My latest project using copilot

Project My Latest project using copilot.Refer to youtube videos.

PDF project-Part1

PDF project-part2

PDF project-part3

PDF project - Part 4

PDF project-part5

PDF project-Part 6

PDF project - part 7

PDF project-Part 8

You can use MyBinder to make this more useable to your viewers.
Here is an example:
Click this here to launch a session where the person can actively use the notebook without installing anything. (It’s not perfect because you didn’t include the original PDF file, but you should get a good idea how it would work if you had provided that. That original PDF or something like it could be included in the files the session will have and others could swap in their own PDF.)
You need to click some buttons, so you cannot just do ‘Run All’. (In general, this is an anti-pattern design. ‘Run All’ working should be the normal expectation. However, I understand what you are aiming for here.)

The repo is a fork of yours:

Although basically I deleted all your content because you didn’t provide a working notebook file. The history of commits steps through an overview of how I converted the fork to what you see working.
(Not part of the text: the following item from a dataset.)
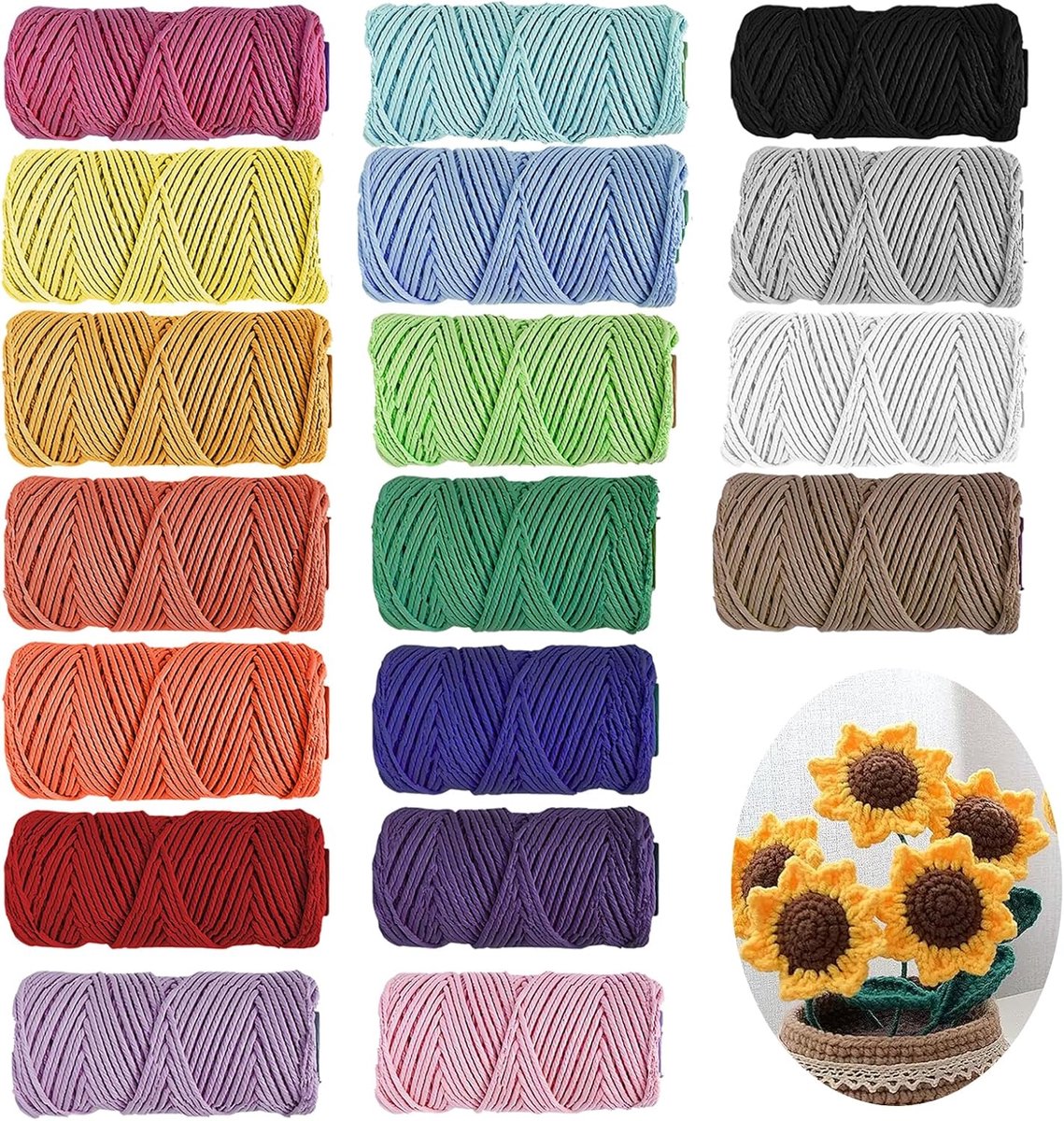 18 stuks macramégaren, 2 mm x 30 m, katoenen garen, katoenen touw, macramégaren, macramégaren, voor doe-het-zelf handwerk, breien, boho-decoratie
This way, as a bonus, you get static view made without needing to do anything:

(That particular example is here on GitHub. In general, nbviewer supports many more abilitie, such as javascript backed plots and animations, that GitHub’s preview does; however, ipywidgets need an active kernel and so rendering those is not an option nbviewer does.)

The key thing is as you update the notebook, you don’t need to do anything to make the new version in your repo the shared one. It is always the one you shared because the old at the URL one gets replaced. Importantly, this way users have the notebook to run themselves and don’t need to remake it. Your version at Project is not runnable as it isn’t even an .ipynb document. Additionally, the MyBinder sesson is useable with with the notbeook current version and all the necessary packages all ready to go for users. This is because I added requirements.txt file that list the PyPI packages you need, see more about configuraton files here. The requirements.txt file is the easiest as it is exactly just a list of each package on a separate line. Nothing more is necessary.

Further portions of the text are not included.